Custom designs, hand crafted

I began playing with wood in my father's small shop. He never made furniture or other items in wood, but he had acquired a variety of tools for the seemingly endless additions to our Carmel Valley, adobe ranch house. In later years, I borrowed his old table saw and began crafting things I needed: a mahogany navigation table for my wooded (of course) motorsailer, a couch for a pregnant wife, side tables, a captain's bed for my young son, and even a wooden briefcase for my then new career as a technology writer/editor. Over time, I built my own extensive collection of woodworking tools and set up small shops in garages and sheds, as I moved from place to place.


In 2005, my father passed away. My distraught mother asked that I pick out an urn from those offered at the mortuary. I did so, but the choices all seemed outrageously expensive and dull for a man who was a highly regarded photographer and gardener.

Retiring to my small garage-turned-woodshop, I used thin oak panels for the box and shaped a chunk of surplus plum wood for the top. It has now become the official family urn. (My father's ashes were eventually scattered off the Monterey coast.)

I'm a huge fan of Mission-style furniture for its beauty, simplicity, and durability. But it's also expensive.
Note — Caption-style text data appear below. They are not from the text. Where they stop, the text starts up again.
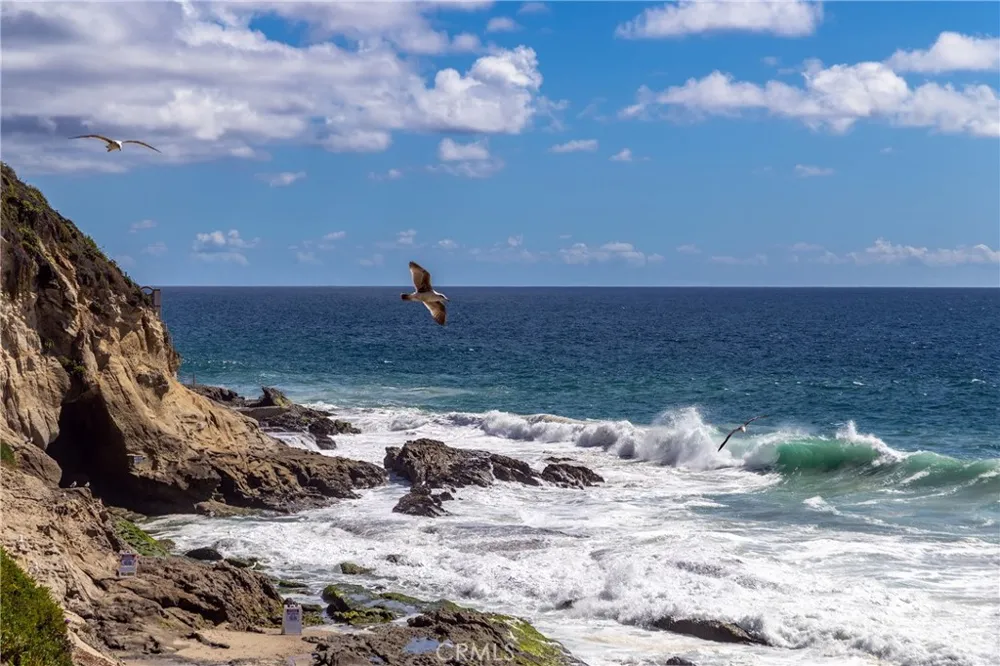32229 Coast Hwy Laguna Beach, CA 92651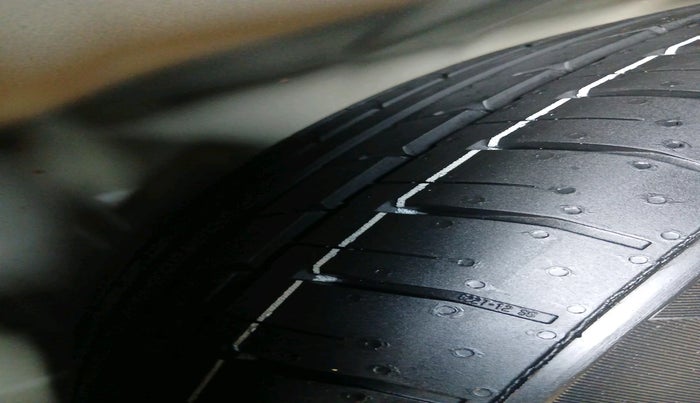 2024 Hyundai VENUE SX 1.2 PETROL, Petrol, Manual, 8,541 km, tyre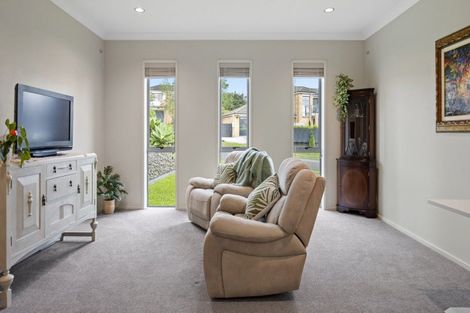 Photo of property in 23 Ina Ville Drive, Pukekohe, 2120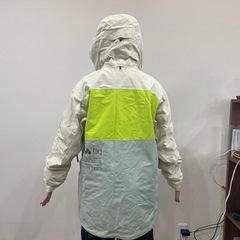 スノボウエアBURTONの画像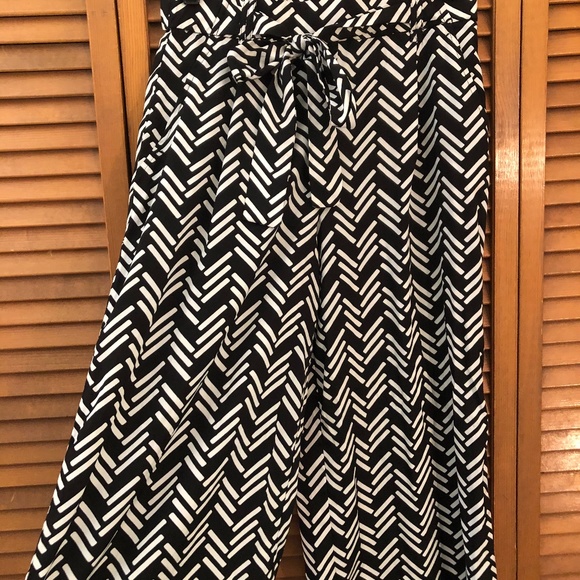 Printed Cropped Pants - Picture 2 of 2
Needing a coffee table to go with a purchased Mission-style couch, I worked this piece up in quarter-sawn oak. The finish is Watco oil, layers of shellac, and lots of wax.
In our old craftsman house, an ugly, free-standing firebox squatted in the corner of the family room. I replaced it with a functional storage cabinet/desk/bookshelf. The piece was built with almost no screws or nails; wooden biscuits and glue joined most of the parts.

A dresser made of a variety of woods. Originally, the drawers were installed in a tall captain's bed I made for my son. But as he got older, he wanted a standard bed.